Combined epidermal growth factor receptor (EGFR)-tyrosine kinase inhibitor and chemotherapy in non-small-cell lung cancer: chemo-refractoriness of cells harboring sensitizing-EGFR mutations in the presence of gefitinib

Lung Cancer. 2013 Nov;82(2):305-12. doi: 10.1016/j.lungcan.2013.08.028. Epub 2013 Sep 8.

Abstract

Background: Combined epidermal growth factor receptor-tyrosine kinase inhibitor (EGFR-TKI) with chemotherapy is believed to be more effective in treating non-small-cell lung cancer (NSCLC) with sensitizing-EGFR mutation (SEM). This hypothesis failed to be realized clinically and needs to be examined in vitro.
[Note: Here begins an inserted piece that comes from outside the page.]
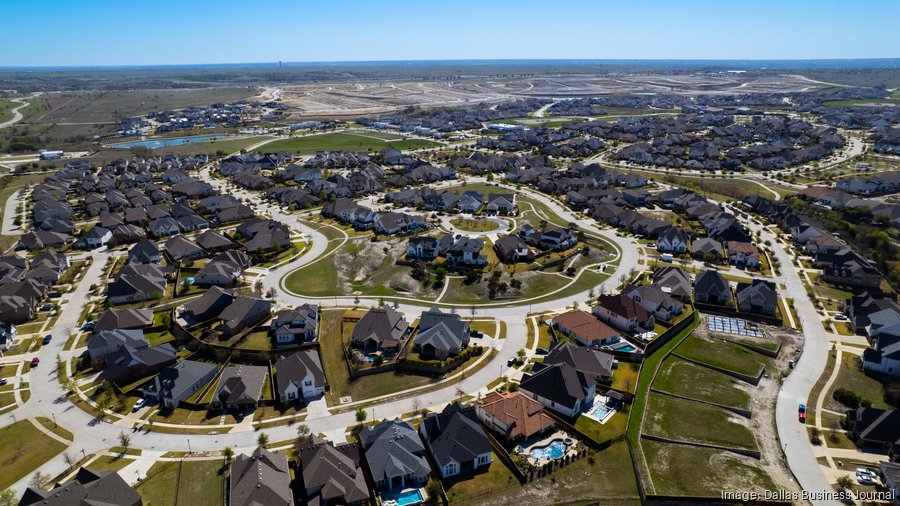 Walsh master-planned community in Fort Worth, TX — new construction homes, builders and amenities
Materials and methods: Using the tetrazolium colorimetric assay and classical isobole method, we investigated the combination effects of 6 gefitinib-chemotherapeutic doublets (gefitinib/cisplatin, gemcitabine, pemetrexed, paclitaxel, docetaxel, or vinorelbine) in a panel of 15 NSCLC cell lines.

Results: Upon treatment with the 6 gefitinib-chemotherapeutic doublets, the 12 cell lines that did not harbor SEM displayed a broad spectrum of group results, from obvious synergism to robust antagonism. The values of group mean combination index (mCIs) ranged from 0.769 to 1.201. In contrast, the 3 cell lines with SEM showed a tendency toward consistent antagonism to the tested doublets, impressively, with a narrow range of higher group mCIs (0.993-1.141). In the presence of gefitinib, the SEM or gefitinib-sensitive group was more chemo-refractory than the non-SEM (index of chemo-refractoriness (RI): 69.33 versus 42.67; P = 0.036) or gefitinib-resistant group (68.25 versus 40.64, P = 0.0108), respectively. The results of using the gefitinib/drug combinations with the gefitinib-sensitive non-SEM cell line H322 and the gefitinib-resistant EGFR mutant H820 shared patterns similar to those with the SEM and non-SEM cell lines, respectively.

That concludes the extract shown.